Tukang Ojek di Wamena Berpenghasilan Rp 400 Ribu per Hari, Trauma dan Ingin Kembali Jadi Nelayan
Komandan Skadron 32 Letkol Pnb Suryo Anggoro mengatakan masih ada ribuan pengungsi yang berada di Wamena
Editor: Eko Sutriyanto
Laporan Wartawan Surya Malang Aminatus Sofya
TRIBUNNEWS.COM, MALANG - Tangis Siati (43) pecah kala tiba di Lanud Abdulrahman Saleh, Kabupaten Malang.
Perempuan asli Kecamatan Leces, Kabupaten Probolinggo itu adalah salah satu pengungsi dari Wamena, Papua.
Di Wamena, Siati bekerja sebagai juru masak di perusahaan emas.
Dia berangkat ke Wamena bersama sang suami sejak tahun 2000,
“Suami saya meninggal tahun 2010. Saya kembali ke Probolinggo tapi kembali lagi Wamena,” tutur Siati (2/10/2019).
Tanggal 27 September saat kerusuhan di Wamena terjadi, Siati berada di kantor tempatnya bekerja.
Dia sedang memasak sayur asam dan menggoreng ikan untuk makanan para buruh pabrik.

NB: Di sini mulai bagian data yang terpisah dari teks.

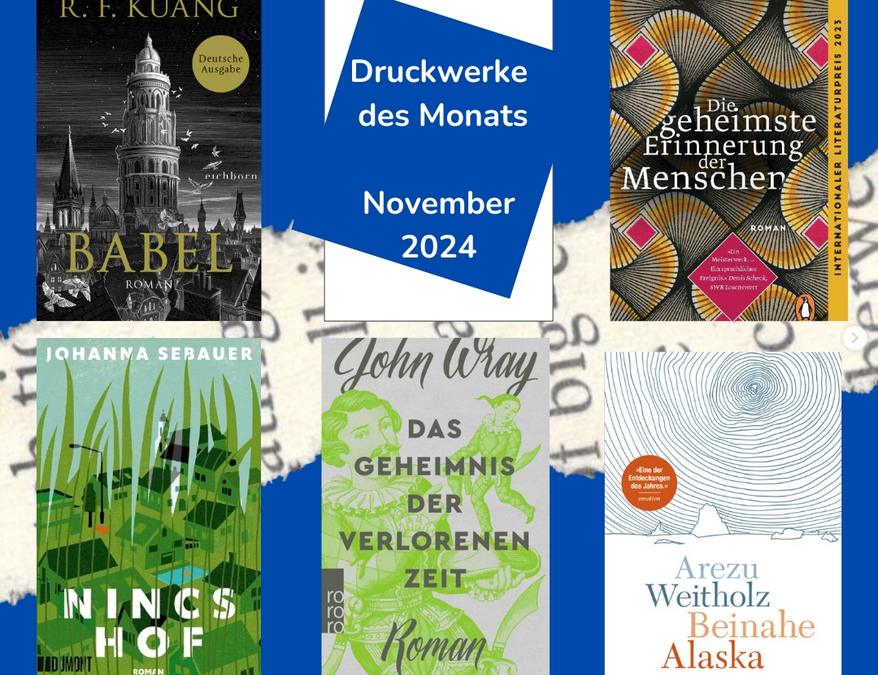 Druckwerke des Monats – November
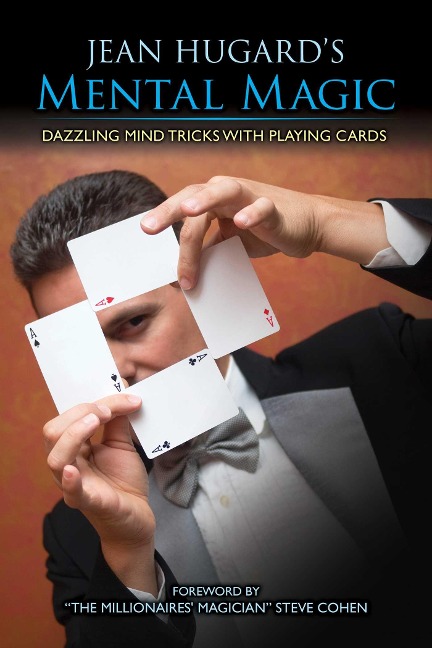 Jean Hugards Mental Magic: Dazzling Mind Tricks with Playing Cards
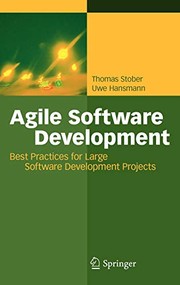 Cover of: Agile software development: best practices for large software development projects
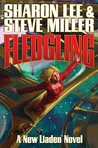 Fledgling (Theo Waitley, #1) by Sharon Lee Fledgling (Theo Waitley, #1) by Sharon Lee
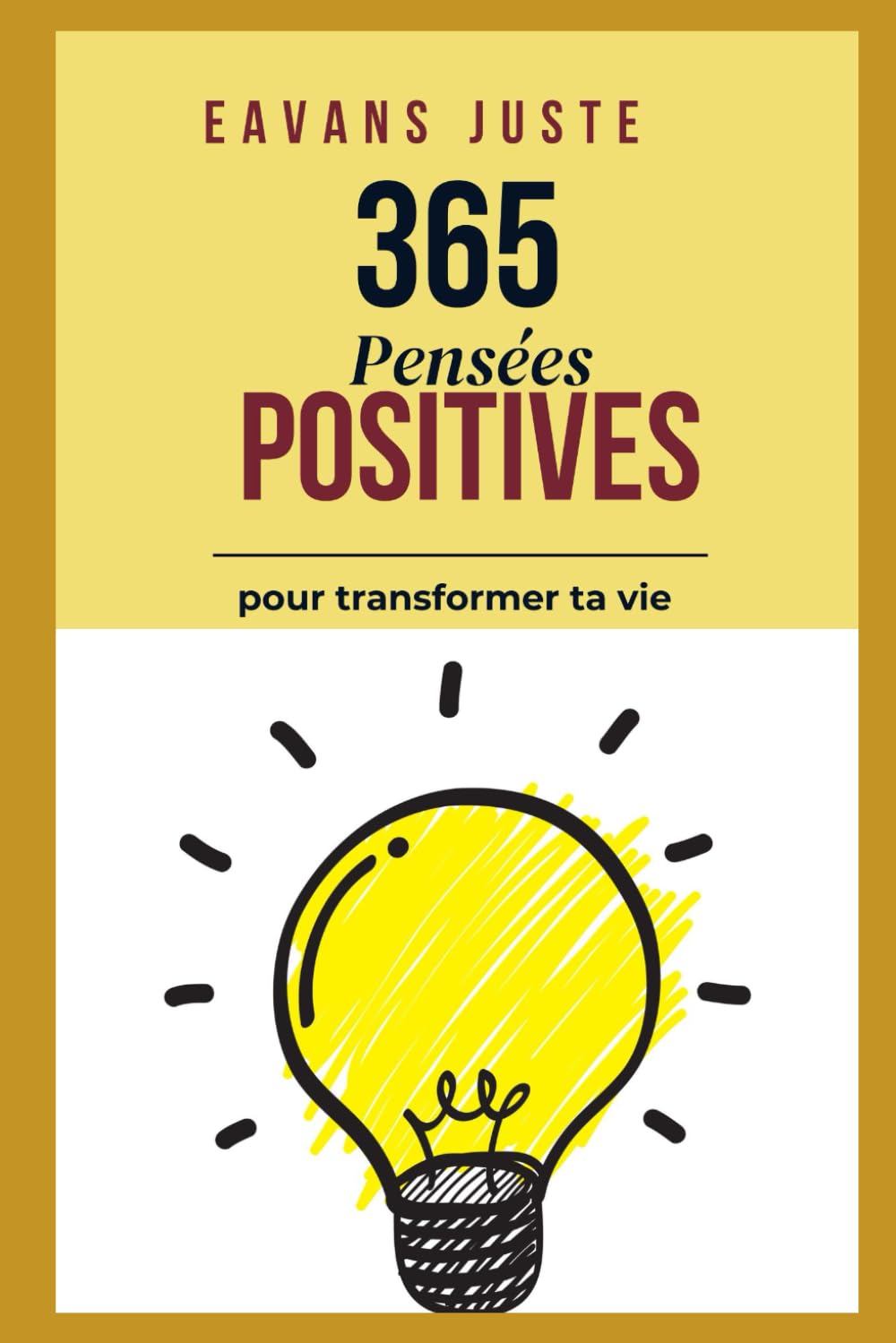 365 Pensées Positives pour transformer ta vie
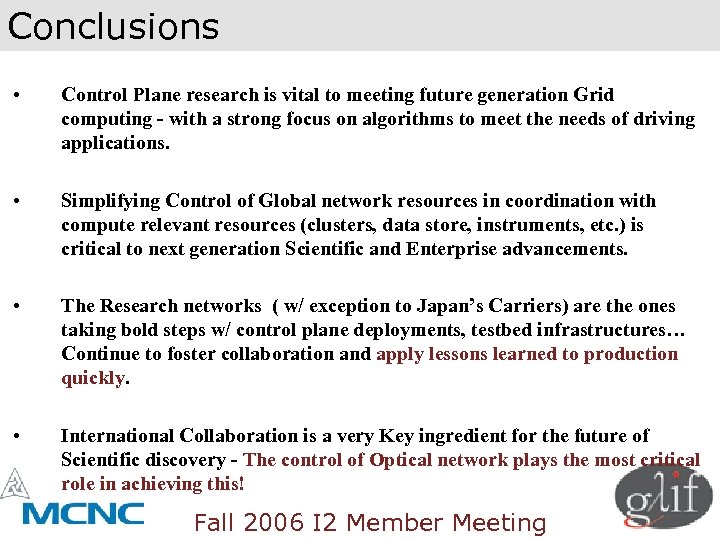 Conclusions • Control Plane research is vital to meeting future generation Grid computing -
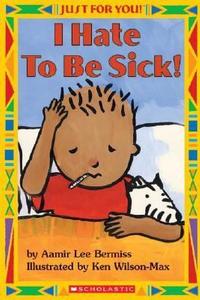 I Hate to Be Sick! by Aamir Lee Bermiss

Baca: Gunakan Pesawat Hercules, TNI Evakuasi 7000 Pengungsi Wamena ke Jayapura
“Tiba-tiba ada suara rusuh. Rumah dibakar, kantor dan semuanya ikut dibakar,” katanya.
Siati mengatakan situasi saat itu mencekam.
Kerusuhan timbul di berbagai pelosok Wamena dan terjadi pembakaran di banyak tempat. Termasuk rumah yang ditinggalinya.
“Saya tidak pulang ke rumah. Saya tidur di kantor. Tidak ada harta benda tersisa,” katanya.
Tiga hari sebelum terbang dari Wamena ke Malang, Siati diselamatkan oleh orang Wamena dari amuk massa.
Kala itu, Siati baru saja pulang dari pasar dan bertemu segerombolan orang.